ABOUT THIS TASK: Without pictures, return the lines from the one containing "image for item" through the last line of the data below, exactly.

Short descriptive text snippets
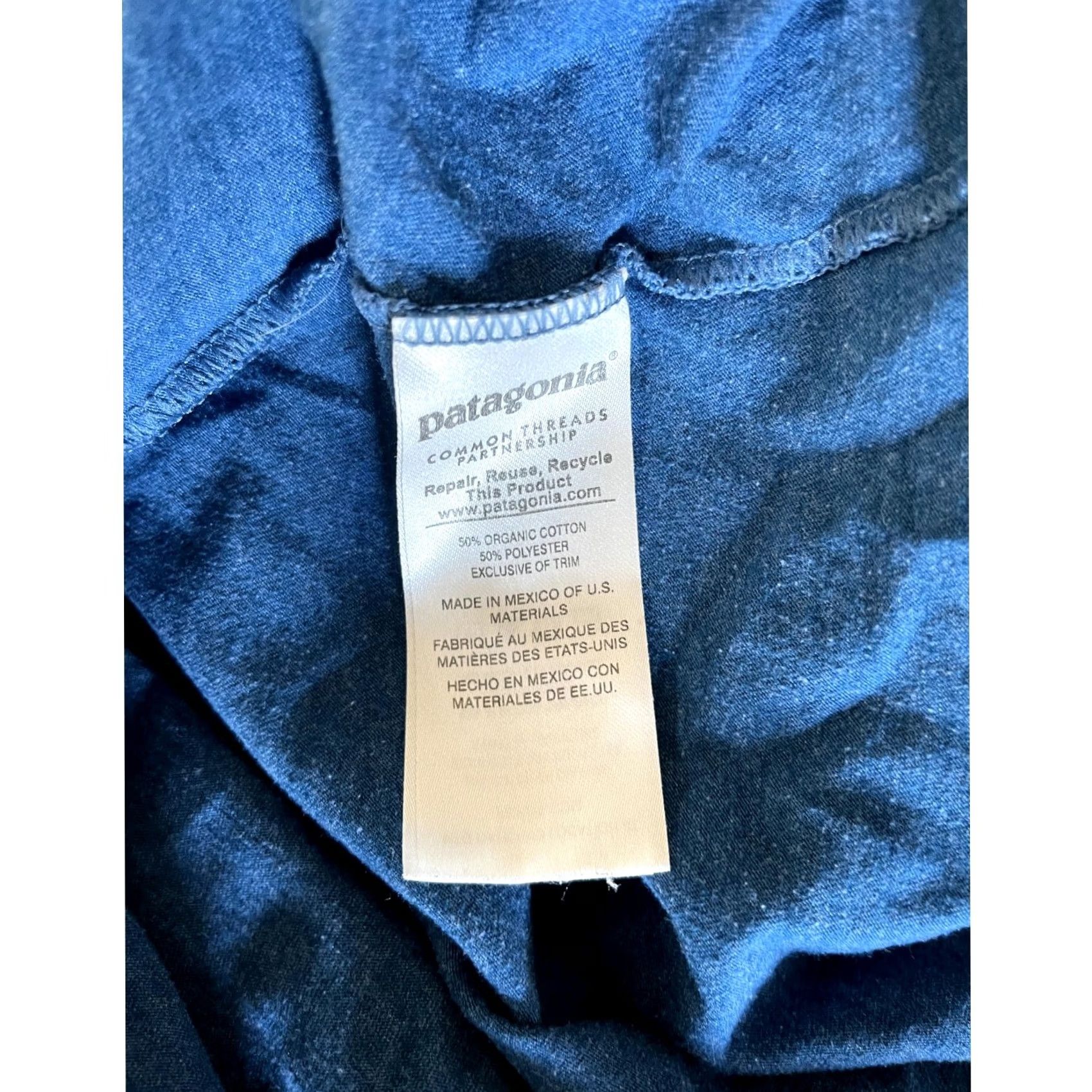 Patagonia Patagonia Mens Fitz Roy Crest Cotton / Poly T-Shirt Blue Size M Slim Fit Shirt Mens Blue Fitz Roy Crest Cotton / Poly T-Shirt 20" Pit 26" Length Size US M / EU 48-50 / 2 - 6 Thumbnail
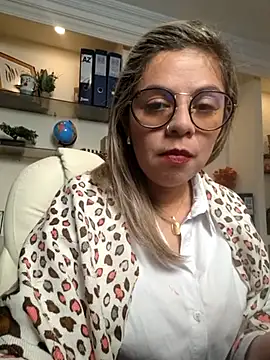 Cata Office-12 online show from March 12, 2025, 7:59 pm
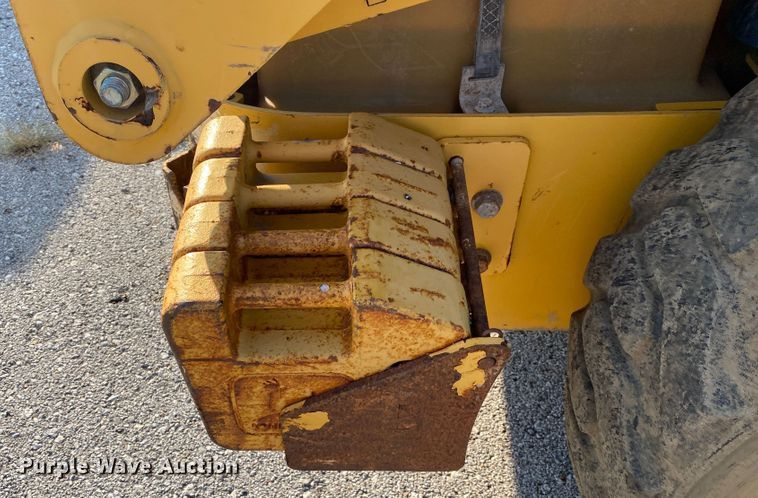 image for item JA9046 2000 John Deere 250  skid steer loader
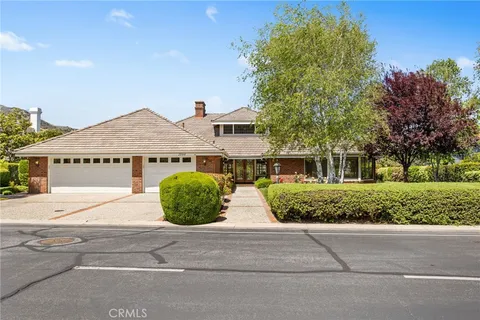 22316 Bear Creek Drive S, Murrieta, CA MLS: SW25079312
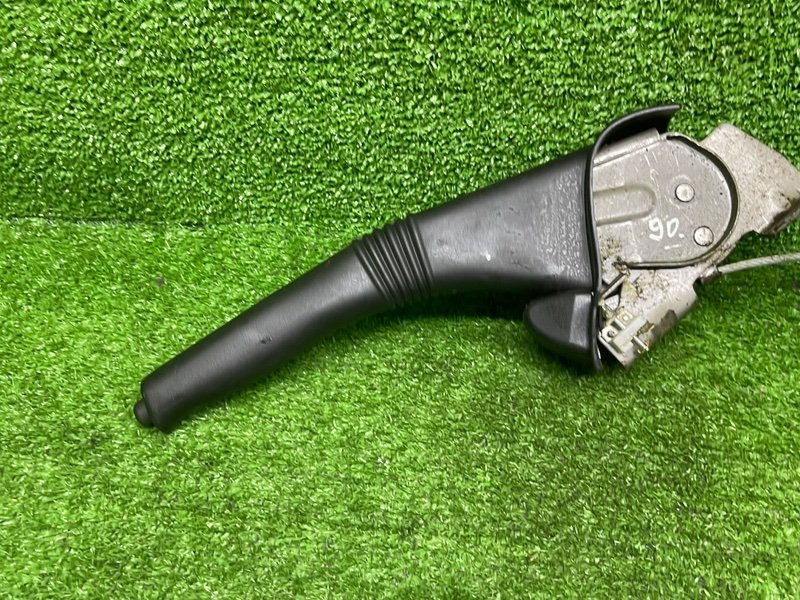 Рычаг стояночного тормоза, 1000 рублей, Москва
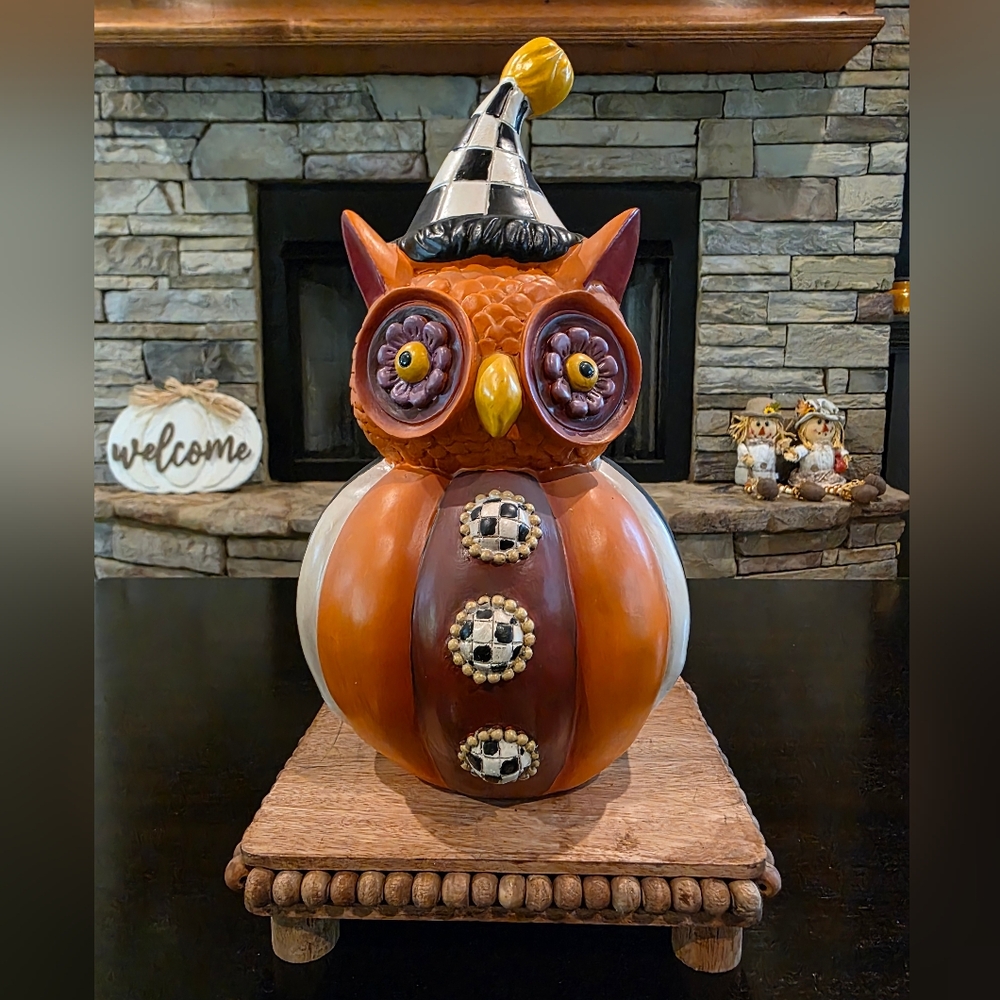 Festive Halloween Owl Figurine-NWT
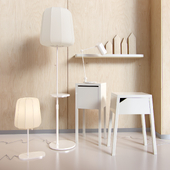 Five wireless zaryadok IKEA + IKEA shelf with decor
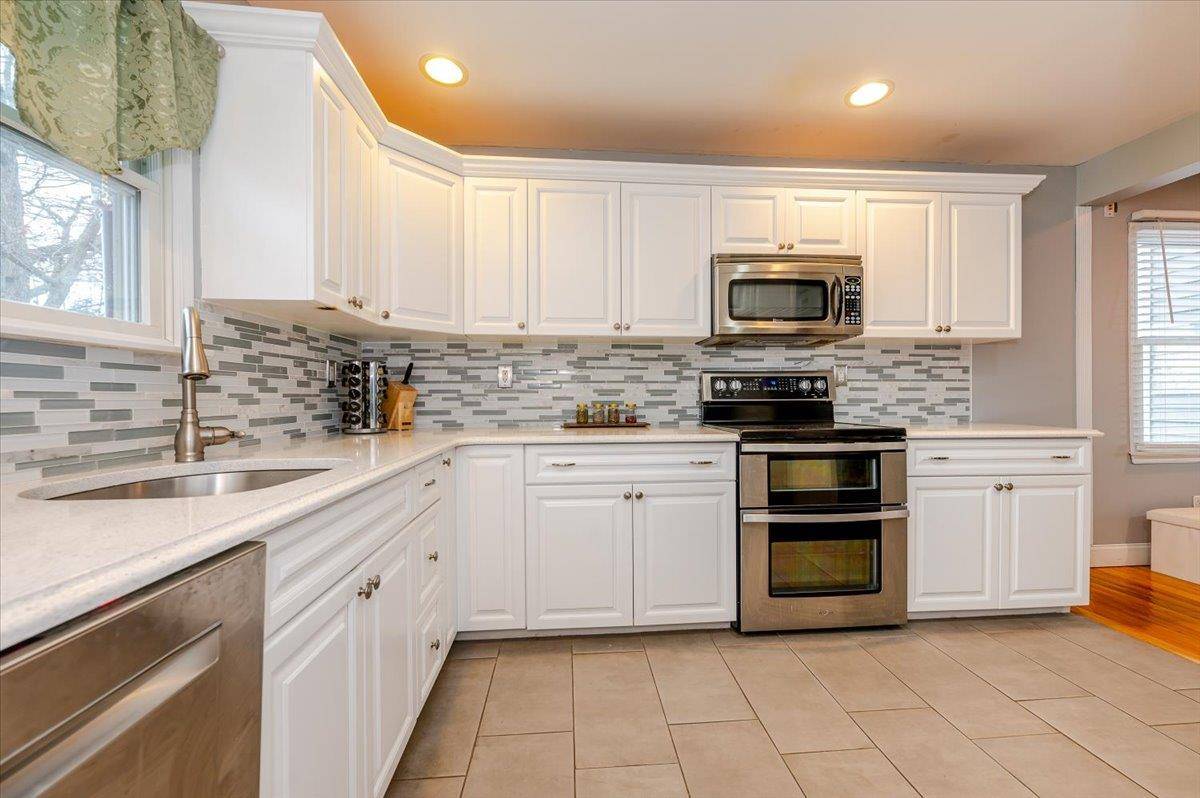 Sound Beach, NY 11789,7 Atlantic DR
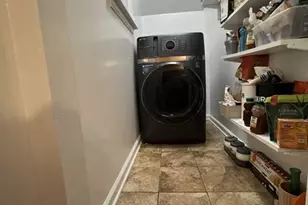 11 Beverly Pl, Edgewater, NJ 07020 - Photo 16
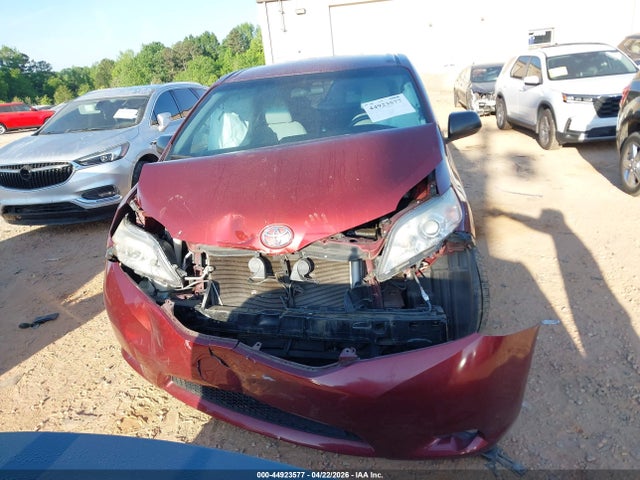 Toyota Sienna L 7 Passenger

RESPONSE TO THE TASK:
 image for item JA9046 2000 John Deere 250  skid steer loader
 22316 Bear Creek Drive S, Murrieta, CA MLS: SW25079312
 Рычаг стояночного тормоза, 1000 рублей, Москва
 Festive Halloween Owl Figurine-NWT
 Five wireless zaryadok IKEA + IKEA shelf with decor
 Sound Beach, NY 11789,7 Atlantic DR
 11 Beverly Pl, Edgewater, NJ 07020 - Photo 16
 Toyota Sienna L 7 Passenger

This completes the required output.